Disadvantages of train-test split


"Train/test split does have its dangers — what if the split we make isn’t random? What if one subset of our data has only people from a certain state, employees with a certain income level but not other income levels, only women or only people at a certain age? (imagine a file ordered by one of these). This will result in overfitting, even though we’re trying to avoid it! This is where cross validation comes in." The above is most of the blogs mentioned about which I don't understand that. I think the disadvantages is not overfitting but underfitting. When we split the data , assume State A and B become the training dataset and try to predict the State C which is completely different than the training data that will lead to underfitting.

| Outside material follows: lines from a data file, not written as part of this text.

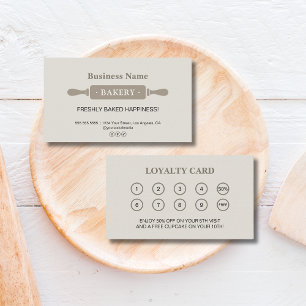 Bakery Rolling Pin Business Reward Loyalty Card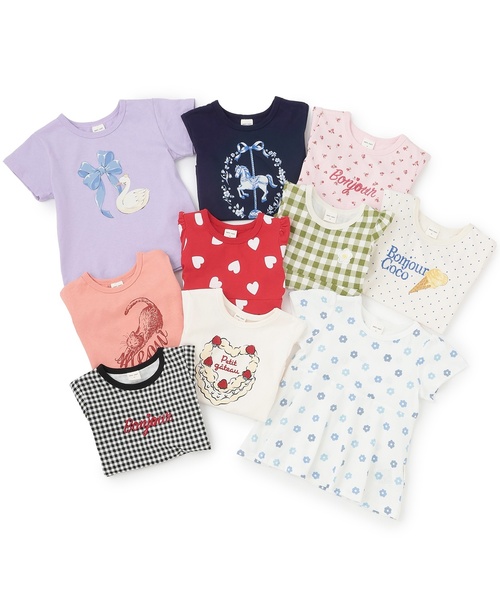 petit main(プティマイン)の「【プティプラ/WEB先行】GIRLS 半袖Tシャツ(Tシャツ/カットソー・キッズ・アイボリー/カラフル/オレンジ/ネイビー/ライトピンク/ライトグリーン/レッド/ブラック/ライトブルー/ラベンダー・120cm/130cm/110cm/80cm/90cm/100cm)」の12枚目の写真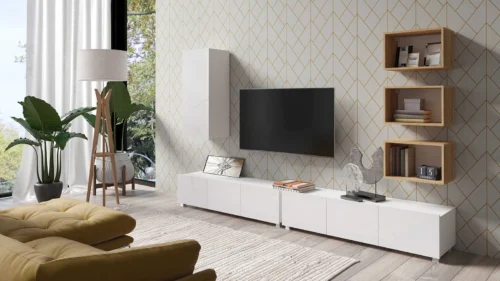 CALABRINI XXXVI” wall cabinet, glossy white / golden oak – an exceptionally stylish wall cabinet, with simple shapes, suitable for any interior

Can someone fill me in why most of the blogs state 'test-split' lead to overfitting.


Solution

  • It would be more correct to talk about selection bias, which your question describes.

    Selection bias can not really tie to overfitting, but to fitting a biased set, therefore the model will be unable to generalize/predict correctly.

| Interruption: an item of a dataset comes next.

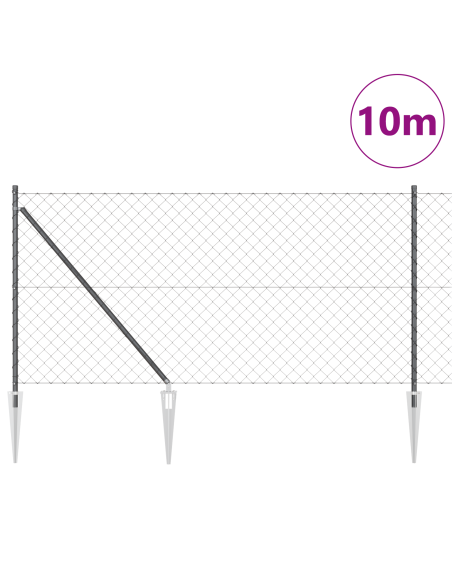 Recinzione a maglie metalliche con 7 pali a punta 1x10 m in acciaio zincato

    In other words, whether "fitting" or "overfitting" applies to a biased train set, that is still wrong.

    The semantic strain on the "over" prefix is just that. It implies bias.

    Imagine you have no selection bias. In that case, when you overfit even a healthy set, by definition of overfitting, you will still make the model biased towards your train set.

    Here, your starting training set is already biased. So any fitting, even "correct fitting", will be biased, just like it happens in overfitting.